Decía Jacques Cousteau que “el hombre solo cuida lo que ama, y solo ama lo que conoce”. Esta sencilla frase es para Arturo de Frías la auténtica quintaesencia de la conservación.
Vivimos en un planeta que es maravillosamente bello, pero que, a la vez, tiene gravísimos problemas: el vertiginoso crecimiento de la población mundial, unido a la adopción de modelos insostenibles de consumo, principalmente en el mundo occidental, ha provocado como es bien sabido la quema acelerada y casi descontrolada de combustibles fósiles, sobre todo durante los últimos 200 años.

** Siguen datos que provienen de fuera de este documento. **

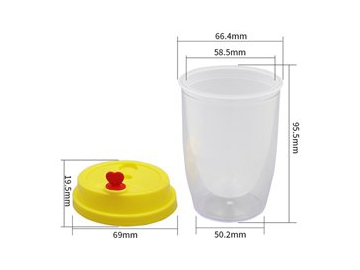 Vaso con tapa IML de 150ml, CX028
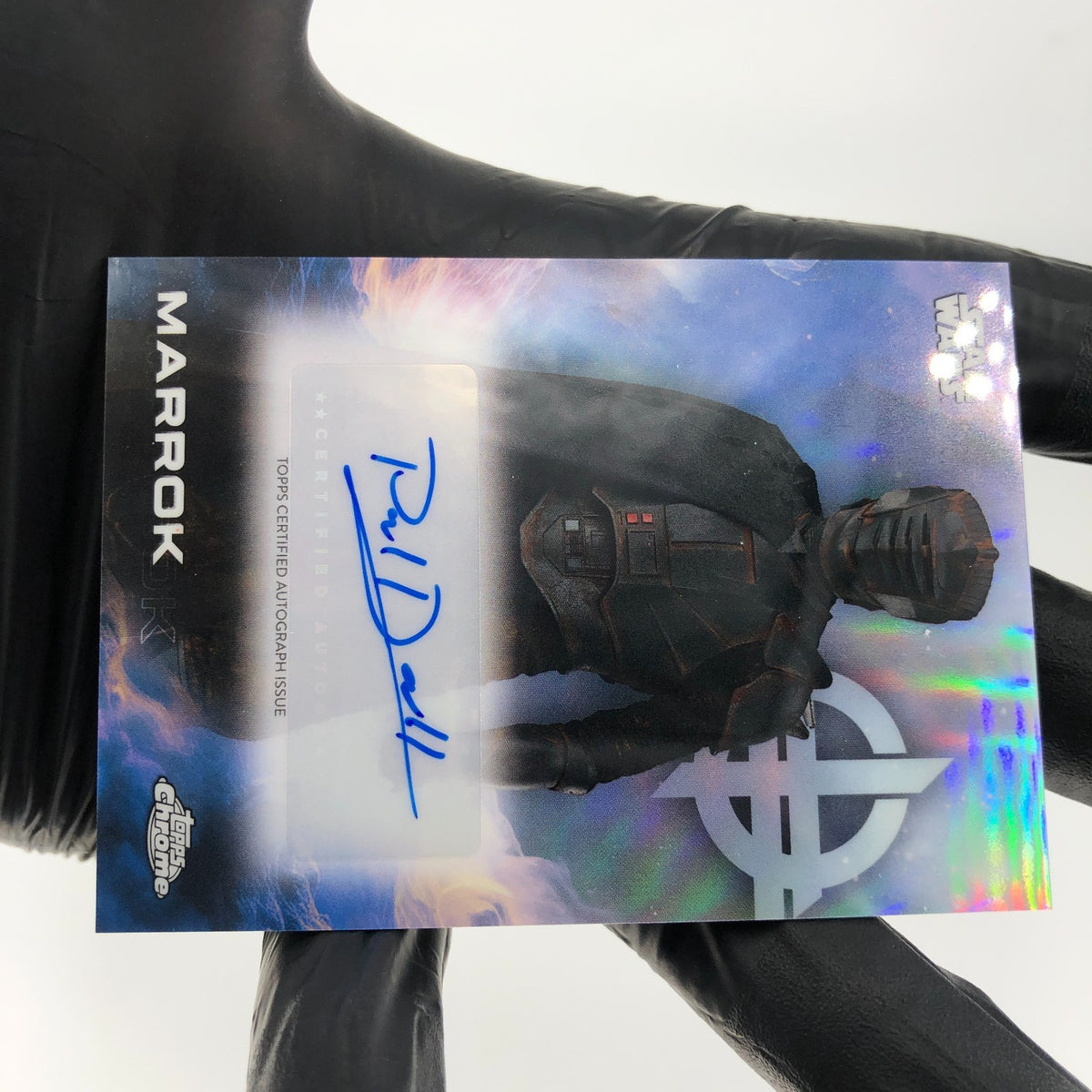 2025 Topps Chrome Star Wars Marrok A-PD Signed Paul Darnell [NM]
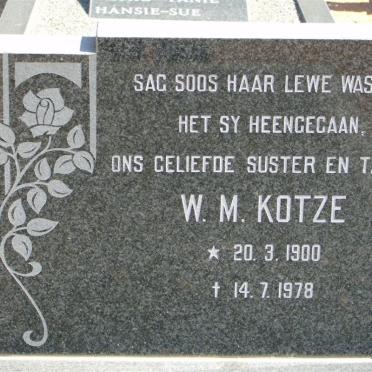 KOTZE W.M. 1900-1978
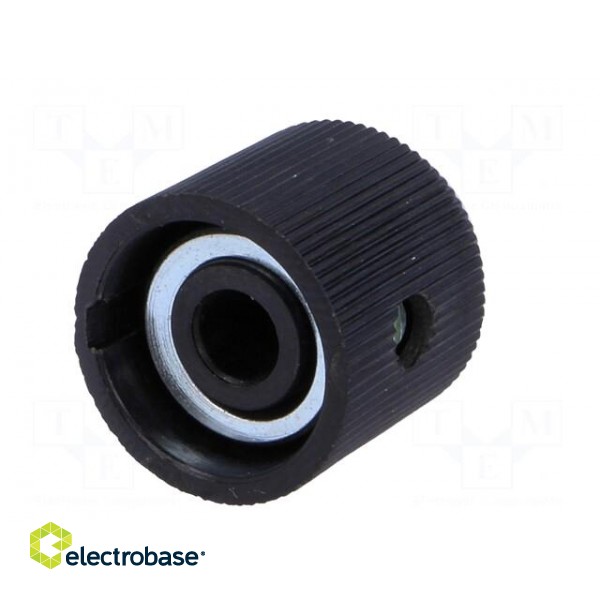 Knob | with pointer | aluminium,thermoplastic | Øshaft: 4mm | black фото 6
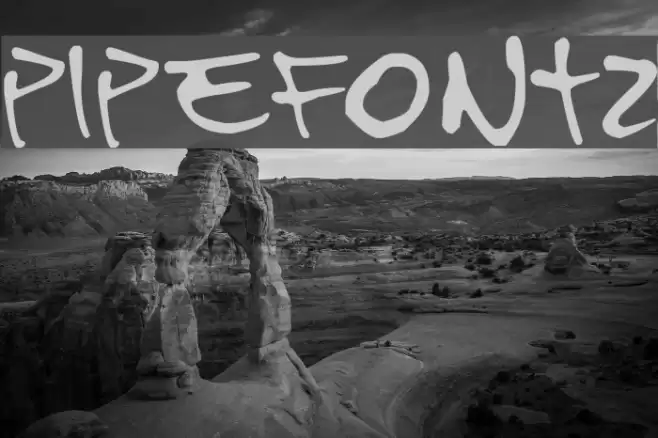 PipeFont2 Font examples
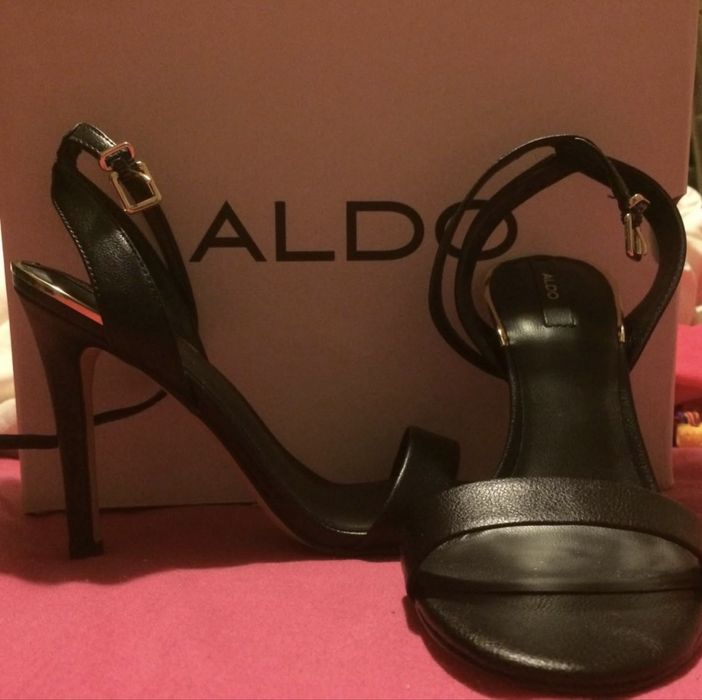 ALDO Black High Heel Sandals – Like New (WhatsApp)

La consiguiente emisión de gases de efecto invernadero está cambiando el clima del planeta. Esto es un fenómeno que está a la vista de todos, y que ya nadie mínimamente informado se atreve a negar.
Pienso que todos tenemos el deber moral insoslayable de actuar. Todos y cada uno de nosotros. Hasta muy recientemente hemos sido la generación que mejor ha vivido, y que más recursos ha consumido, de toda la historia de la humanidad. Todos tenemos el deber moral de ceder el planeta a las siguientes generaciones en un estado igual o mejor que cuando nuestros padres nos lo cedieron a nosotros.
Recuerdo el enorme impacto que tuvo en mí el documental Una verdad incómoda, estrenado en Estados Unidos en 2006, pero que yo no vi probablemente hasta 2010. Se trata de un documental sobre los efectos devastadores del cambio climático.
El ex vicepresidente norteamericano Al Gore muestra un contundente y preocupante retrato de la situación del planeta, amenazado por el calentamiento global provocado por las ingentes emisiones de CO2 por parte de la acción del hombre. Un documental cuya leyenda reza: “De lejos la película más aterradora que verá jamás”.
Reflexionando sobre los impresionantes mensajes, decidí que yo también tenía que ayudar en esta cruzada. Pero no sabía cómo. Obviamente, no soy un político. Ni un gran empresario. Ni una persona de gran tirón mediático, como un actor, un deportista o un músico. No daba con la solución.
El oso polar que cambió mi vida
Y como suele pasar, mientras yo buscaba dar con la solución la solución dio conmigo. Porque en los tres años siguientes, me ocurrieron dos cosas que cambiarían mi vida: conocer el Ártico y la llegada de las redes sociales.
En 2011 realicé mi primer viaje al Ártico. A bordo de un rompehielos, circunnavegué durante casi 2 semanas la isla de Spitsbergen, en el archipiélago de Svalbard. Este archipiélago noruego es probablemente el mejor lugar del mundo para tener una experiencia ártica de primer nivel, al alcance de casi todos los bolsillos. Svalbard está muy al norte: en la mayoría de las circunnavegaciones a la isla se logra cruzar el paralelo 80 norte. Esto quiere decir que solo hay unos 1.100 km hasta el Polo Norte a través del helado océano Ártico. De hecho, solo hay dos lugares en el planeta que sean más septentrionales que la costa norte de Svalbard: la costa norte de Nunavut, en Canadá, y la costa norte de Groenlandia.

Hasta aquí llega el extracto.